Radicado en la Costa del Sol desde 2003, Funes contó cómo, tras la crisis del 2001, decidió emigrar con su familia y establecerse en Marbella, donde desarrolló una extensa carrera como entrenador y dirigente. Allí fundó el Oso Club de Fútbol, institución federada que compite en el sistema oficial del fútbol español y que hoy reúne a jugadores de múltiples nacionalidades, reflejando el carácter cosmopolita de la región.
En la entrevista, también recordó su paso por el Marbella Football Center, un complejo de nivel internacional donde entrenan habitualmente clubes de elite de Europa, experiencia que le permitió vincularse con figuras del fútbol mundial. En ese contexto, relató cómo nació su amistad con Claudio Caniggia y luego su relación cercana con Diego Maradona, con quien compartió entrenamientos, viajes y momentos inolvidables. “Son experiencias únicas e irrepetibles”, expresó, al tiempo que dejó una reflexión profunda y emotiva sobre la soledad que atravesó Maradona en sus últimos años.
Funes analizó además los cambios que observa en el fútbol profesional, señalando que muchos jugadores jóvenes han perdido el “hambre” competitiva debido al rápido acceso al dinero y al confort. “Antes un partido te hacía o te quitaba todo; hoy eso cambió”, afirmó, aclarando que existen excepciones, pero que el fenómeno es visible a nivel global.
Consultado sobre el presente del fútbol internacional, se refirió a la finalísima entre Argentina y España y al lugar de Lionel Messi en la historia, descartando comparaciones simplistas y destacando su dimensión única. También habló del impacto del físico en la formación de futbolistas jóvenes y de cómo muchos talentos quedan en el camino por no encajar en los parámetros actuales de selección.

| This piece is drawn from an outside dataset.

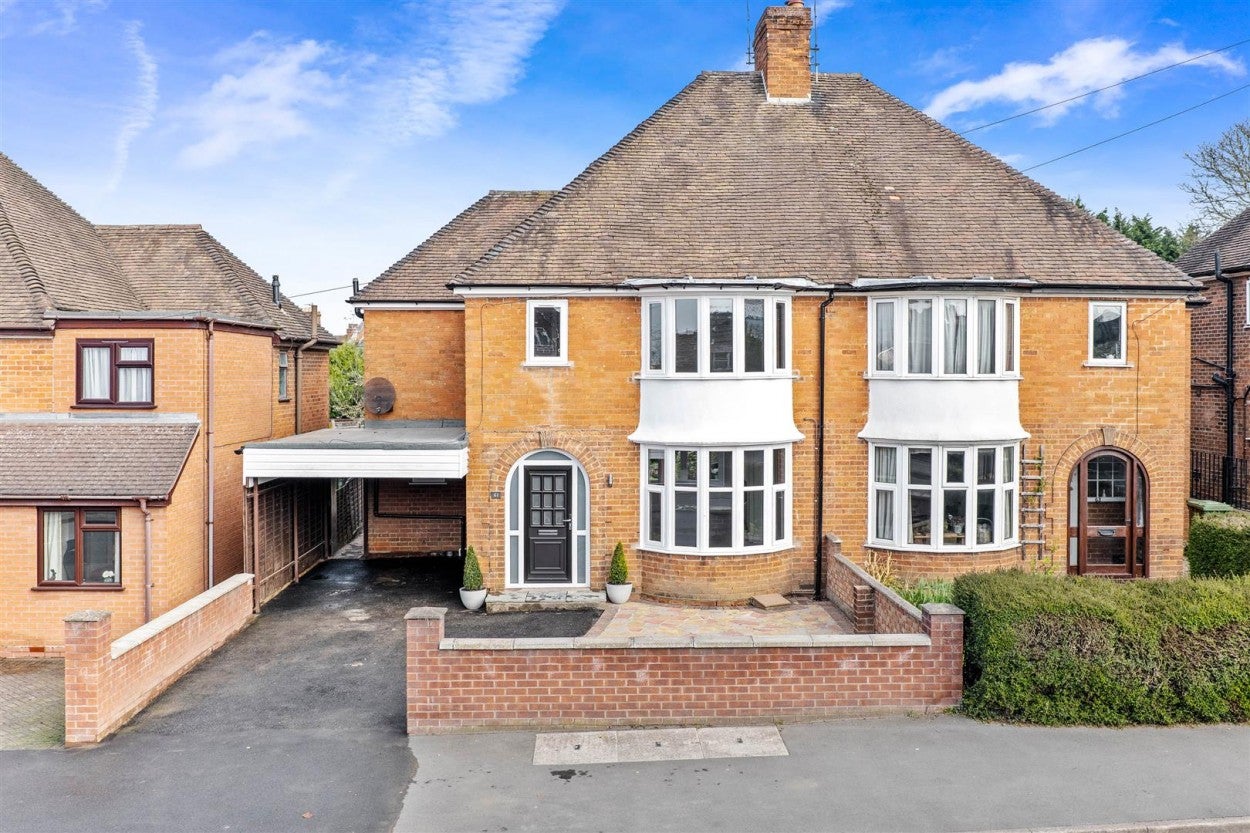 House Elm Road in Wychavon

Finalmente, compartió su mirada sobre la Argentina y Necochea desde la distancia. Destacó la belleza del país y la calidez de su gente, aunque cuestionó la falta de aprovechamiento de ese potencial. Sobre su ciudad natal, valoró el crecimiento de la zona costera y reconoció que, aunque su vida hoy está en España junto a sus hijos y su nieto, mantiene el deseo de regresar al país con mayor frecuencia y de impulsar proyectos vinculados al fútbol.
“Tuve la suerte de vivir de lo que me apasiona. Eso es algo impagable”, concluyó Lars Funes, dejando una charla cargada de anécdotas, reflexión y fuerte identidad con el fútbol y con Necochea.